Em maio de 2003, quatro amigos recém-formados em jornalismo se reuniram para discutir propostas de possíveis publicações. A idéia era simples, a vontade era grande e o dinheiro era nenhum. As reuniões eram realizadas na casa de um deles e o projeto, de início despretensioso, acabou ganhando formato, tamanho e um filhote.
A revista Voz (www.revistavoz.com) nasceu em novembro do ano passado, fruto de muita perseverança. Depois de discutir bastante, o grupo de amigos – todos formados pelo Centro Universitário de Belo Horizonte (UNIBH) – decidiu criar uma revista. Escolheram o veículo porque, ao contrário do jornalismo diário, seria um tipo de publicação que os possibilitaria escrever textos mais elaborados e opinativos. Pensada para uma periodicidade mensal, a publicação, na prática, tornou-se bimestral.
Dispostos a fazer uma revista com personalidade, eles optaram por focar em apenas duas editorias: cultura e cidadania. Comprometeram-se também a prestar um serviço para a comunidade, dentro dos preceitos do Jornalismo Público, conceito nascido no início da década de 90, nos Estados Unidos, segundo o qual o jornalismo deve abrir espaço para a discussão dos temas de interesse público. Com o nome escolhido – Voz – queriam passar a idéia de pluralidade, polifonia.
Da teoria à prática
Com a idéia pronta, faltava arranjar um meio de tirá-la do papel – ou colocá-la, literalmente, no papel. A solução encontrada foi o cooperativismo, sistema de autogestão que se apresentou mais viável administrativamente. Assim surgiu a Cooperativa de Produção Editorial (COOPE). Os amigos jornalistas convidaram amigos de outras áreas para poder concretizar o projeto. O grupo cresceu mais, e hoje são 20 associados na faixa etária dos 22 aos 30 anos, que dividem as responsabilidades e as tarefas da COOPE.
Em uma cooperativa, todos os membros são donos e têm que se envolver. Além dos cargos que cumpriam originalmente, os repórteres, fotógrafos, publicitários e designers tiveram que assumir funções administrativos – como presidente, diretor comercial e assessor de comunicação, entre outras. Até hoje nenhum deles recebeu pagamento – ao contrário, desembolsaram dinheiro para manter a cooperativa em operação.

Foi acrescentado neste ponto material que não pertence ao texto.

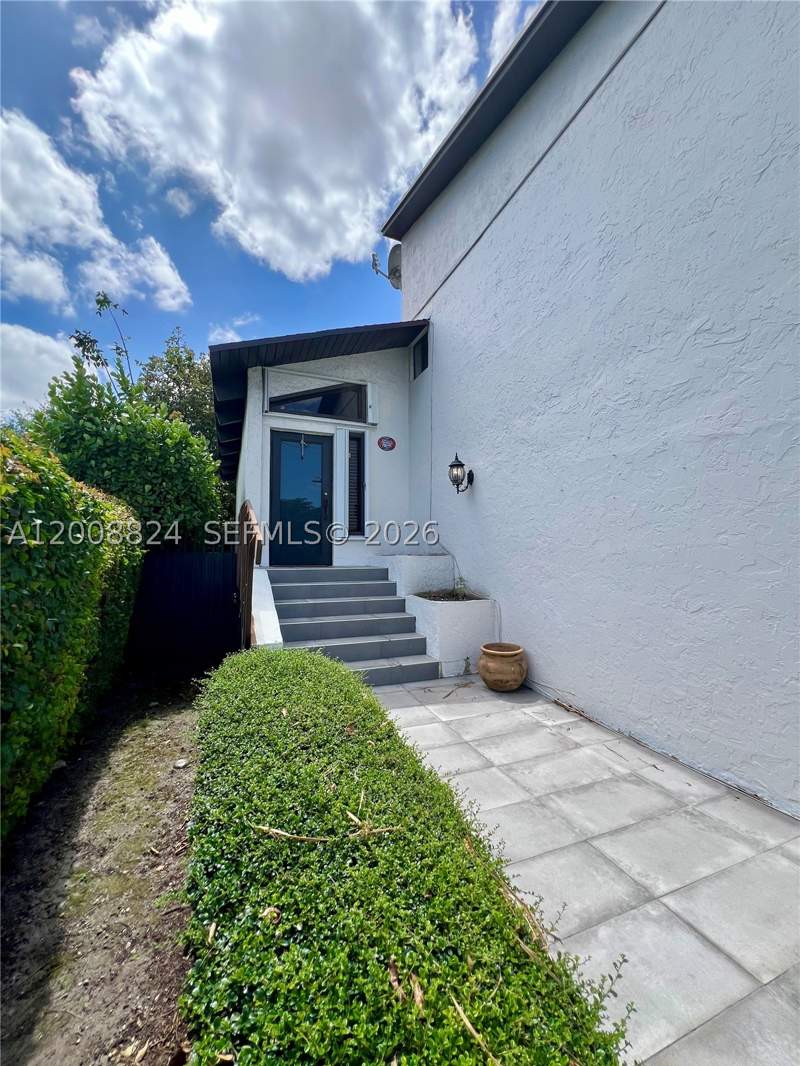 4 bedroom SingleFamilyResidence at 3610 SW 113th Pl, Los Paseos, Miami — photo 3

A estrutura que possuem é uma sala no centro de Belo Horizonte, com telefone, computadores ligados à internet e programas de diagramação. O custo é rateado entre os cooperados. Sem dinheiro em caixa, eles criaram uma campanha de assinaturas – para a qual cada sócio comprometeu-se a conseguir um determinado número de assinantes – para pagar a impressão do primeiro número da revista.
O dinheiro arrecadado com a campanha foi suficiente para pagar também parte da impressão do segundo número da Voz. Para a terceira edição, prevista para este mês de março, o grupo espera conseguir verbas de anúncios publicitários.
Dificuldades e desafios
Os jovens profissionais encontram aí outro problema. ‘O fato de a publicação ser nova e desconhecida deixa os empresários em cima do muro’, afirma Bianca Melo, que divide os cargos de presidente da COOPE e assessora de comunicação. A falta de apoio inicial levou a cooperativa a fazer a campanha de assinaturas para bancar o primeiro número da revista. A situação, paradoxal, reflete a realidade de qualquer equipe de jornalistas que esteja começando no mercado independente das grandes empresas de mídia. ‘Tentamos conseguir apoio da maneira que parece ser a mais óbvia: pelo mérito do produto. Mas o que temos visto é que as coisas não são assim’, diz Bianca.
Mesmo com as dificuldades, eles não desanimam. Segundo Bianca, ‘a experiência é muito prazerosa e tem nos ensinado muito’. O grupo aposta em uma idéia específica: incluir o leitor na revista. Por meio de textos que falam diretamente com ele e da observação de diferentes pontos de vista na análise das pautas, a equipe da Voz tenta brigar pela ética. ‘É quase um romantismo no bom sentido’, brinca a presidente da COOPE.
A revista ainda está em mutação. A equipe tenta encontrar as melhores soluções para que o próximo número chegue às bancas e à casa dos assinantes, que hoje são quase 300. Voz ainda vai amadurecer suas idéias e formatos. Quanto tempo vai conseguir sobreviver, ninguém sabe. Mas se depender da força de vontade e da determinação da equipe, as chances são boas. ‘Vamos continuar com a proposta enquanto pudermos’, garante Bianca.